Mi nombre es Pablo Obando Guzmán y soy de Bogotá, Colombia.
La escritura ha emergido en mí como una posible respuesta ante las múltiples búsquedas internas que he tenido a lo largo de los últimos años. Mi preocupación académica por el lugar/no-lugar contemporáneo de la literatura se ha vuelto narrativa, y allí me he encontrado con que, tal vez, una de sus posibilidades de vigencia yace ya no en su potencial ficcional, sino en su propia capacidad de interpretar y cuestionar las "verdades" periodísticas a través de su estetización. Y en esta posible respuesta me topé con el periodismo narrativo o, como prefiero entenderlo, con la literatura periodística. Este descubrimiento me llevó a Forn (maravilloso hallazgo), Forn me llevó a Mar de las Pampas, y el Mar de las Pampas me trajo a El Chasqui.
Me parece hoy que esta llegada ha seguido unos pasos tan lógicos y lineales que no puede ser menos que fortuita; me parece hoy que, como tan caprichosamente me ha repetido la vida, es en el accidente donde realmente he encontrado las posibilidades de flujo.

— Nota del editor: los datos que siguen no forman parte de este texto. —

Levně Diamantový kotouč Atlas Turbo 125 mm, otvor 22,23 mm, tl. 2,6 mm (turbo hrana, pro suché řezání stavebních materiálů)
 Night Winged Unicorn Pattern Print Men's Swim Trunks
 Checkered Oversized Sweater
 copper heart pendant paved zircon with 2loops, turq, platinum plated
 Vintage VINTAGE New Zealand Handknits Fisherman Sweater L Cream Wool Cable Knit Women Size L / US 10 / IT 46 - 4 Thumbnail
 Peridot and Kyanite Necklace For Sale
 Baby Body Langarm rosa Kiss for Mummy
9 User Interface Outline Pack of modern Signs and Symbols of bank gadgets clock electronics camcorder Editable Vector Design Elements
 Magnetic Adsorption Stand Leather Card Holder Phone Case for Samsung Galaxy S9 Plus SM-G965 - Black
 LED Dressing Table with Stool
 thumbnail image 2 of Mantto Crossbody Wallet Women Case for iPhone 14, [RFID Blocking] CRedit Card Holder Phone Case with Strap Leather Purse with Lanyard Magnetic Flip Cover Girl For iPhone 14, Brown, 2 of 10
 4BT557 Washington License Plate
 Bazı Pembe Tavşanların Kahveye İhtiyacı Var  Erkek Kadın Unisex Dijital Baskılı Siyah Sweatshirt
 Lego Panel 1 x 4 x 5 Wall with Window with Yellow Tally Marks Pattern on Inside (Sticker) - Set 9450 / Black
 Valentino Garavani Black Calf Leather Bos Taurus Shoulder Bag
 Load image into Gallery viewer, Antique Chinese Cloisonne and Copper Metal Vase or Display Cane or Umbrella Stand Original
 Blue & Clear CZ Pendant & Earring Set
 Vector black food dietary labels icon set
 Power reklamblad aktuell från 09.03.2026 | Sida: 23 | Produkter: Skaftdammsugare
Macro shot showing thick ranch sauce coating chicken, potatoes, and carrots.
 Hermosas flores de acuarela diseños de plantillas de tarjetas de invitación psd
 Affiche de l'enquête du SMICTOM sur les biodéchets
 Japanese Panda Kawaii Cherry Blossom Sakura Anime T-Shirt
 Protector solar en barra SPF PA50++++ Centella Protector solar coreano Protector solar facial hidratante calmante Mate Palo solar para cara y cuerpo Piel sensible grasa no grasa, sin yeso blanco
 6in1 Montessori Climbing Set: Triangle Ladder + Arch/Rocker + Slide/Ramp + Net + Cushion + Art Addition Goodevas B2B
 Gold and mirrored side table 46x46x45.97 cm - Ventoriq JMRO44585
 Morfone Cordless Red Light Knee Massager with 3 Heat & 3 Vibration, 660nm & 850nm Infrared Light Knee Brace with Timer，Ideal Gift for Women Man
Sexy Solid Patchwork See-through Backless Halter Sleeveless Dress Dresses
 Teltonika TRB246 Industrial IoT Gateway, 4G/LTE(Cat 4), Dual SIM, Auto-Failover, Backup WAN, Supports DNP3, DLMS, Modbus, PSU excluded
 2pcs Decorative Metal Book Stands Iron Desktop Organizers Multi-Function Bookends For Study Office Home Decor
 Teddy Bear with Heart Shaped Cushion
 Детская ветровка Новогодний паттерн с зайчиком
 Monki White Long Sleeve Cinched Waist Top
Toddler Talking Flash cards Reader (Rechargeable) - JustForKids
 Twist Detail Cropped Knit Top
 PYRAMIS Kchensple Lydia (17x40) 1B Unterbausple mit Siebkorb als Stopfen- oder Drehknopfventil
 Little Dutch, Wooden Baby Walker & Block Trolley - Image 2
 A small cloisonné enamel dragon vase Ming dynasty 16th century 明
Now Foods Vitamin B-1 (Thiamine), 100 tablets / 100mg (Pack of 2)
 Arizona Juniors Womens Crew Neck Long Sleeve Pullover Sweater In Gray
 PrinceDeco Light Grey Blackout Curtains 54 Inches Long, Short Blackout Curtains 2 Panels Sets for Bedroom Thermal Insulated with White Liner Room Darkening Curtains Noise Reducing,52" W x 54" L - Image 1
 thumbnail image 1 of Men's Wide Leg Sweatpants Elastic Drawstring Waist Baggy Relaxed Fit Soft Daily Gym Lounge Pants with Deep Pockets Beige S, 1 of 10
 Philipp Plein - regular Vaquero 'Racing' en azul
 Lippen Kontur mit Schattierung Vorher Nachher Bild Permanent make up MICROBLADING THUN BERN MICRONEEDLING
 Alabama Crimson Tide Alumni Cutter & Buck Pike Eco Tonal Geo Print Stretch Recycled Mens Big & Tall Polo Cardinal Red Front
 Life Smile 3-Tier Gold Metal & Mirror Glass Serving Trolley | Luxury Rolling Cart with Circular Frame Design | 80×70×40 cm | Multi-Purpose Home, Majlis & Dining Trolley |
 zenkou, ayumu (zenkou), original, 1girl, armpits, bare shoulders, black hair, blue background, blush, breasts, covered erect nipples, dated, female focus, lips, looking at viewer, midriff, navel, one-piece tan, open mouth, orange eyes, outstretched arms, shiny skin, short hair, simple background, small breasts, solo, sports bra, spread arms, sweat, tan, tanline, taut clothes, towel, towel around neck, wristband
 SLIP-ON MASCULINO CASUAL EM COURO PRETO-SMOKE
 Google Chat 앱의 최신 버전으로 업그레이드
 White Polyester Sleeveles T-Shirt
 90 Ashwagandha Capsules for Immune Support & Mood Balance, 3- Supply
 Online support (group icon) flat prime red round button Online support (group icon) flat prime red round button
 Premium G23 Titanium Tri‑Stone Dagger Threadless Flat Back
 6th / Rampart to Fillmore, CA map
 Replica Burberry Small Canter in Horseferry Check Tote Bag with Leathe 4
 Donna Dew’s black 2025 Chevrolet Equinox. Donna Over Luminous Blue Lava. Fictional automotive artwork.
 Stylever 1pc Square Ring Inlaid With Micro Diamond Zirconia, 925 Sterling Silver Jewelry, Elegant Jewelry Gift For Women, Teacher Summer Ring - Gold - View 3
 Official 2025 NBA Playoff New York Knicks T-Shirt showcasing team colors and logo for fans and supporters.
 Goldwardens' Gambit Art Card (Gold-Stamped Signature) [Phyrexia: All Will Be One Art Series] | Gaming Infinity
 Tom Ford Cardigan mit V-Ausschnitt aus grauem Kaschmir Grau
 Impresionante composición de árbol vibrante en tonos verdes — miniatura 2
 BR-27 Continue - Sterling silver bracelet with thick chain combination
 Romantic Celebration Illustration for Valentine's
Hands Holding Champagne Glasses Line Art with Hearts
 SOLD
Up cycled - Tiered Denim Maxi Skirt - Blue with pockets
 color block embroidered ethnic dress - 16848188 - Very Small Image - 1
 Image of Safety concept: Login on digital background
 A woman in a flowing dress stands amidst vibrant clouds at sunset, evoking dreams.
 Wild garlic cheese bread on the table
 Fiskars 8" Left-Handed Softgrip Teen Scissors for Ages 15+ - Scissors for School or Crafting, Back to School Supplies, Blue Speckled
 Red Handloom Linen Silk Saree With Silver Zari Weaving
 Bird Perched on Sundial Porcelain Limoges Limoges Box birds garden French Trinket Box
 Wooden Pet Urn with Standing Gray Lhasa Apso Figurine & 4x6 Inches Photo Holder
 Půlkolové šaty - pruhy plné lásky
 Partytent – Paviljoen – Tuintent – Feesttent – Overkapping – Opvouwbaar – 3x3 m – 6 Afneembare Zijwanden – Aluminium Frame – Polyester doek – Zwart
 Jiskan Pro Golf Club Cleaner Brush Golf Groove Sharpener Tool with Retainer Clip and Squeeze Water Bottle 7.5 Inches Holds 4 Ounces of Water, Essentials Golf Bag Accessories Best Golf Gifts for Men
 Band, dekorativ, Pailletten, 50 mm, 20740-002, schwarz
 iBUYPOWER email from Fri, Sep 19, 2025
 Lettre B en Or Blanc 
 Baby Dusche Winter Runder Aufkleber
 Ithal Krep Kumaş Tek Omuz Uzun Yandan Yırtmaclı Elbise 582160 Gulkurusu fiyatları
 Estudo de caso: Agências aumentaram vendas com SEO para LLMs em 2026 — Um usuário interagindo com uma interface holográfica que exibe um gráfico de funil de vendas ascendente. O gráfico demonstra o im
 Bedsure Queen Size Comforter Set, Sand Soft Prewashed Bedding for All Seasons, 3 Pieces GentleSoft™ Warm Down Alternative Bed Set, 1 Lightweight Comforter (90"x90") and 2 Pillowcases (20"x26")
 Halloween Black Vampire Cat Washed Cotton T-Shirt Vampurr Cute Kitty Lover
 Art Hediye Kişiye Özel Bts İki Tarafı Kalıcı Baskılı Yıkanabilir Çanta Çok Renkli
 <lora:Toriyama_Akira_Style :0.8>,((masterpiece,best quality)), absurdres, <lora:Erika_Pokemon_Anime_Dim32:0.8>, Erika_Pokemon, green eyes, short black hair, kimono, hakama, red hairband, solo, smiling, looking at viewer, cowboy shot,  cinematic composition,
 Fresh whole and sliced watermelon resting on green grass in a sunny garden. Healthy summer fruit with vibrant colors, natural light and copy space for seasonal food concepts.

Así, esta serie de accidentes (bretonianos, quiero creer) me tienen hoy acá, ansioso porque el hambre de leer, escribir y ser leído se conviertan poco a poco en mi forma regente de vida.
“…los tiempos no están para literatura”, le dice Frigyes Karinthy a un joven escritor que lo busca para que valore su talento. Habrá, entonces, tiempos que sí lo están: momentos históricos en los que la literatura ha tenido un lugar, un espacio de acogida que ha visto en su producción unas posibilidades específicas. Sean cuales sean esos momentos, es claro –como lo era para Karinthy– que los últimos dos siglos no lo son. El siglo XX, aferrado caprichosamente a un pensamiento racional fallido, terminó consolidando las dinámicas capitalistas de consumo y acumulación que acorralaron definitivamente a la literatura, que aun así ha luchado por entender cómo mutar en un producto de consumo sin renunciar a sus propias cualidades.
Adorno insistió en la imposibilidad de escribir poesía después de Auschwitz y Zizek en el fracaso de la prosa. Una u otra, lo cierto es que el siglo XX y lo que va del XXI se han encargado de exiliar a la literatura. El resultado: una errancia que ha constituido un no-lugar como lugar de enunciación. De allí han surgido obras y autores que han sabido encontrar un sentido arropados en esas crisis, pero la mayoría de producción ha sido predominantemente retrospectiva, nostálgica, consciente de que no es más que una reproducción anacrónica de su propio pasado. Incapaz de valerse por sí misma, su potencial se ha limitado a su relación con la realidad. No en vano la producción literaria contemporánea prescinde cada vez más de la ficción; se ancla al escenario más realista que encuentre, a la crudeza de un contexto abrumador en el que la supervivencia más digna ha sido permitirse ser también ese contexto.
Perdido entonces su potencial autorreferencial, –heredado a la fotografía y al cine–, la literatura se consolida día a día fuera de sí misma. Sabemos que su torpeza social es histórica: ni su capacidad ficcional ni sus alcances formales han logrado ser tendencias masivas. Pero su resistencia fue siempre también parte de su encanto. Hoy, acorralada en la encrucijada que la sitúa entre una renuncia definitiva a ser un producto hecho pensando en sus posibilidades de venta, una desaparición inminente en la conservación de su naturaleza tradicional y una reinvención que responde a las presiones mercantiles sin olvidar su potencial histórico como objeto crítico, inconforme e incómodo. Reconocerse y valorarse en el exilio es, entonces, lo que le queda. Como Brodsky, que entendió que para ser un hombre libre “debe ser capaz de aceptar, o al menos de imitar, la manera en que fracasa un hombre libre. Porque cuando un hombre libre fracasa, no culpa a nadie”, debe saber que, de fracasar, tiene que hacerlo desde los límites de su propia libertad y no simplemente en la resignación de la insuficiencia de su propia respuesta frente a las dinámicas socioeconómicas contemporáneas.